La colaboración ausente

— ¿Falta más colaboración entre los países latinoamericanos?
—En general, sí. Un estudio mostró que Ushuaia es el lugar de Argentina que tiene más colaboraciones internacionales, la mayoría de institutos de Punta Arenas, porque sus problemas son similares. Pero no pasa lo mismo en otros campos. Por ejemplo, podría haber muchísima colaboración entre Argentina y Chile en investigación aplicada a la industria vitivinícola, que es un sector económico muy dinámico. La pregunta es por qué a gran parte de los sectores industriales les sigue conviniendo importar tecnología en vez de generar conocimiento localmente. Durante muchos años se pensó que era culpa de las industrias, que lo que querían eran las ganancias fáciles. Pero también debemos preguntarnos si generamos conocimiento que a estas industrias les sirva.

— ¿Qué factores han obstaculizado la colaboración entre los países latinoamericanos?
—Es un problema de cultura. Para un investigador chileno es más prestigioso colaborar con un alemán o un inglés que con un argentino o un brasilero. También cambia de un campo de investigación a otro. En ciencias sociales ha habido vínculos mucho más fuertes. En temas de salud ha habido algunas iniciativas regionales interesantes, aunque no en términos absolutos. Hay todo un espacio que se podría fortalecer muchísimo. Pero ha habido iniciativas que han fracasado. El Mercosur en su momento fue un proyecto interesante, porque tenía un capítulo de integración científico-tecnológica.

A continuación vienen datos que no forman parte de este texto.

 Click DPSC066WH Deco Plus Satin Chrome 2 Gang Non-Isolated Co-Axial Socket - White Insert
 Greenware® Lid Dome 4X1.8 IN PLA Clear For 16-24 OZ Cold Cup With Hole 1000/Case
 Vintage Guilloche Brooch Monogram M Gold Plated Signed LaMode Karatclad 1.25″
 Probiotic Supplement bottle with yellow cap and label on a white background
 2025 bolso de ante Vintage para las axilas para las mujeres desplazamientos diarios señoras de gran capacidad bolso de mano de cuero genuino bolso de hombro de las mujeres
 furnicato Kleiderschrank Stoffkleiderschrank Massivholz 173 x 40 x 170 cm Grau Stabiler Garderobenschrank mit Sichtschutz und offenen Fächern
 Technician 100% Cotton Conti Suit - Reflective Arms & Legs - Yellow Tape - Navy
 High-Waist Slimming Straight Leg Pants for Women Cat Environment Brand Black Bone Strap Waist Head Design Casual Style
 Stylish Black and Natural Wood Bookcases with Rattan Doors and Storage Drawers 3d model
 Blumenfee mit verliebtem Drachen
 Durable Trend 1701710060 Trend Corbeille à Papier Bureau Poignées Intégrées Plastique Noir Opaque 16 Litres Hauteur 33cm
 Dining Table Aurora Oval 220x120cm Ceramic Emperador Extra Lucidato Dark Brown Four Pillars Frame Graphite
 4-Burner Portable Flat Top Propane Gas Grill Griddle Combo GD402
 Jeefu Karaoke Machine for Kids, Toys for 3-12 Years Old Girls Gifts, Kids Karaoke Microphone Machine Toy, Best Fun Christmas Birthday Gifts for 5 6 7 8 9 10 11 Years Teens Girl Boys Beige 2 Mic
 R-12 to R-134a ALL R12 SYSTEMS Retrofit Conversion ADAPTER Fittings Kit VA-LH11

—¿Culturalmente podemos trabajar juntos?
—Puede ser que todavía predomine cierta cultura más de la competencia que de la cooperación, especialmente entre Brasil, Argentina y Chile, pero esto existía también en Europa. Alemania, Francia e Inglaterra fueron competencia por muchos siglos, pero hoy logran cooperar de modo muy activo y muy productivo. No es que nosotros seamos estructuralmente peores.